Der DKS besteht aus drei Bauabschnitten. Zwei davon sind im Zuge von Stuttgart 21 im Bau. Für die dritte Tranche hatte die Bahn zwar mit dem Bund Ende 2023 eine Finanzierungsvereinbarung geschlossen, diese aber unter Gremienvorbehalt gestellt. Erst der Aufsichtsrat hätte den Weg endgültig freimachen können, wenn er denn mit dem Vorgang befasst worden wäre. Dazu kam es nicht, weshalb Ende 2024 die vom Bund zugesagten Mittel verfallen sind.
Auch an diese unrühmliche Episode erinnert Hermann in seinem Schreiben und verweist Lutz auf den neuen schwarz-roten Koalitionsvertrag, der „die flächendeckende Digitalisierung der Schiene mit einer klaren Festlegung der Finanzierungsquelle im Klima- und Transformationsfonds“ vorsehe. Von der vollständigen Umsetzung des DKS verspricht man sich in der Region einen deutlichen Zugewinn an Kapazität und Verlässlichkeit. Hermann will die Umsetzung des dritten Bausteins des DKS auch beim neuen Bundesverkehrsminister Patrick Schnieder einfordern.

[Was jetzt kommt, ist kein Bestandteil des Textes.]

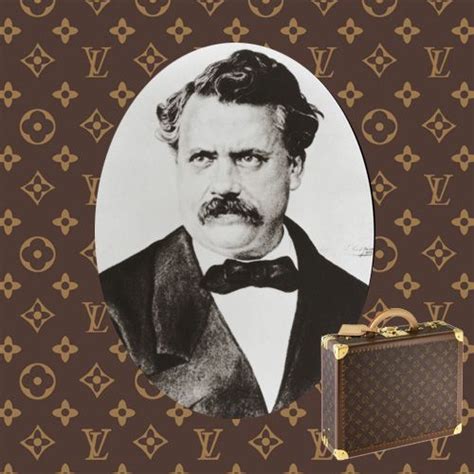 lv men designer|louis vuitton co founder.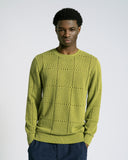 Jumper · Crochet Crewneck Jumper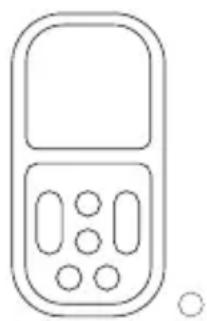 TensCare Unifit - Contents - 1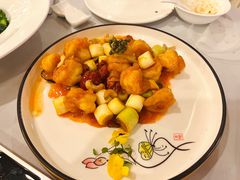 -全聚德(上海首店浦东店)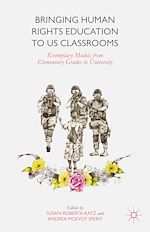 Télécharger le livre :  Bringing Human Rights Education to US Classrooms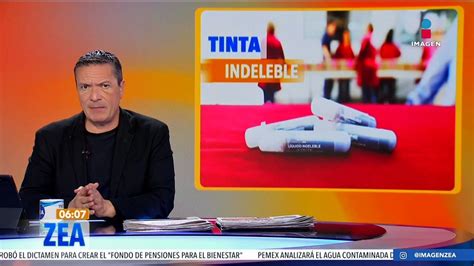 El IPN entrega al INE el último lote aplicadores de tinta indeleble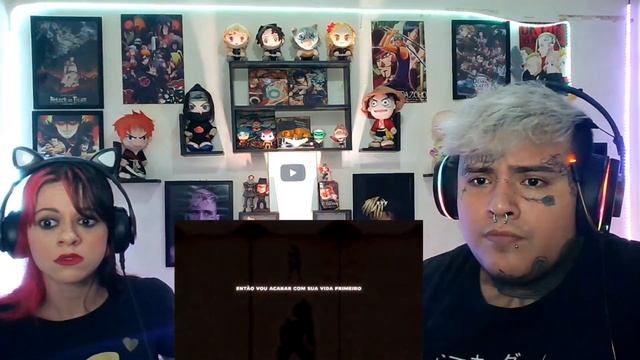 Granola (Dragon Ball Super) | O Mais Forte do Universo | Sting смотреть онлайн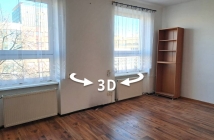 KANCELÁRSKE PRIESTORY - ULICA ŠTÚROVA - KOŠICE - DOHODA !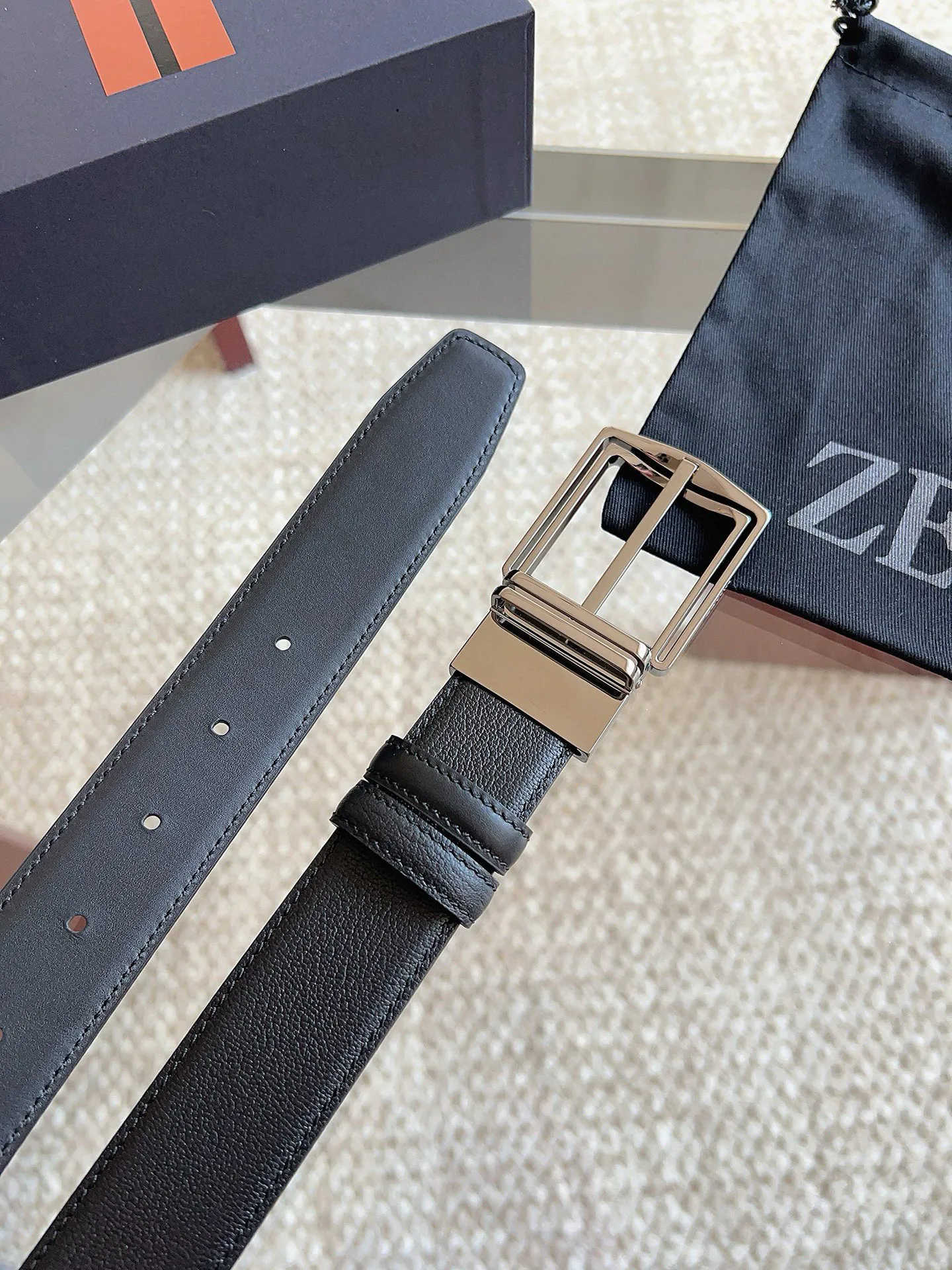 Ремни Zegna 12720844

Seine Kritik erneuerte Hermann am Donnerstag beim 15. ÖPNV-Forum des Tarif- und Verkehrsverbunds Stuttgart (VVS). „Wie soll man das Vorgehen der Bahn bei der Digitalisierung den Menschen erklären?“, fragte Hermann das Plenum der Fachtagung. Besucher monierten, dass eine Aufgabe der Digitalisierungsziele bei der Bahn nur schwerlich mit der Einrichtung eines Digitalisierungsministeriums auf Bundesebene in Einklang zu bringen sei.
An diese Verflechtung von Politik und Deutscher Bahn erinnerte auch Regionalpräsident Rainer Wieland bei der Konferenz in Stuttgart. In Unternehmen, das wie die Deutsche Bahn dem Staat gehören, müsse gemacht werden, was die Politik vorgebe. „Wenn Vorstände machen, was sie wollen, ist das Primat der Politik in Frage gestellt“. Einmal in Fahrt, warf Wieland der Bahn vor, ihre Kernaufgabe zu vernachlässigen und sich auf Nebenkriegsschauplätzen zu verlieren. Der Regionalpräsident nahm die oft gestelzte Marketingsprache des Schienenkonzerns aufs Korn. „Da wird versucht durch ,transportainment’ die ,user experience’ zu verbessern. Was für ein Schwachsinn“.
Gelegenheit ihre pointierte Kritik einem Bahnvorstand vorzutragen, haben Hermann und Wieland am kommenden Montag. Dann tagt der Stuttgart-21-Lenkungskreis, an dem nach derzeitiger Planung auch der Bahninfrastrukturvorstand Berthold Huber teilnehmen wird.